Nous suivons donc la file des chemineurs de l´Inca (une autoroute), et arrivons enfin sur le site. Ca envoie du mégalithe.

Et nous sommes bien trempés.

Je découvre que mon impermeable ne l´est pas du tout. Bonheur...

Pour se rechauffer, nous montons au Wayna Picchu, la montagne au fond des ruines (la grande).

La vue sur les ruines et sur la vallee est terrible. Et l´idee de construire une ville sur cette crete parait vraiment incongrue. Fallait aimer la difficulte...
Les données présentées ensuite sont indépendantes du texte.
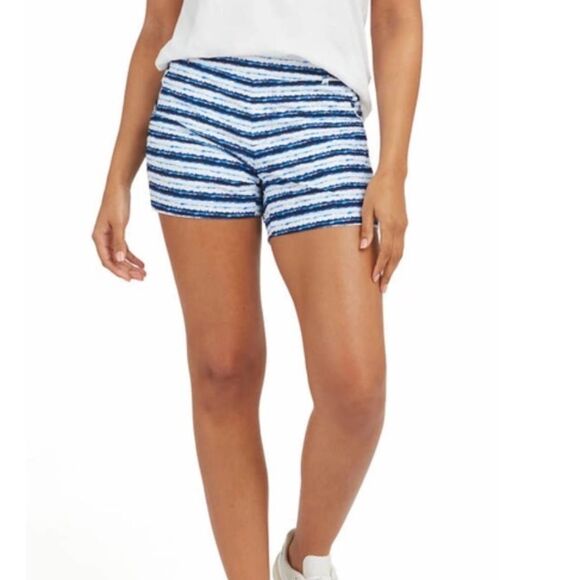 Excellent Condition Women’s Large Spanx Sunshine 4” Blue Painted Stripe Shorts - Picture 1 of 7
Quand nous redescendons, le soleil est revenu. Et les bus de touristes sont arrivés. C´est frustrant de partager cet endroit avec des centaines de quidams...

Notre version de la photo la plus prise au monde :

 vous pourrez jouer au jeu des 46 differences en comparant avec la photo un peu plus haut.


Nous repartons (en trouvant le raccourci bien trop tard). Et nous ne restons pas une minute de plus a Machu Picchu pueblo. Cette fois, nous preferons rentrer en train a un dollar le kilometre. Les derrumbles, ca suffit.

Sur la route qui nous ramene a Cuzco, nous passons par Chinchero, un village qui envoie de la terrasse.


Apres cette jolie expedition dans les Andes et dans la selva, nous nous reposerons un peu a Cuzco, avant de prendre la route du Lac Titicaca.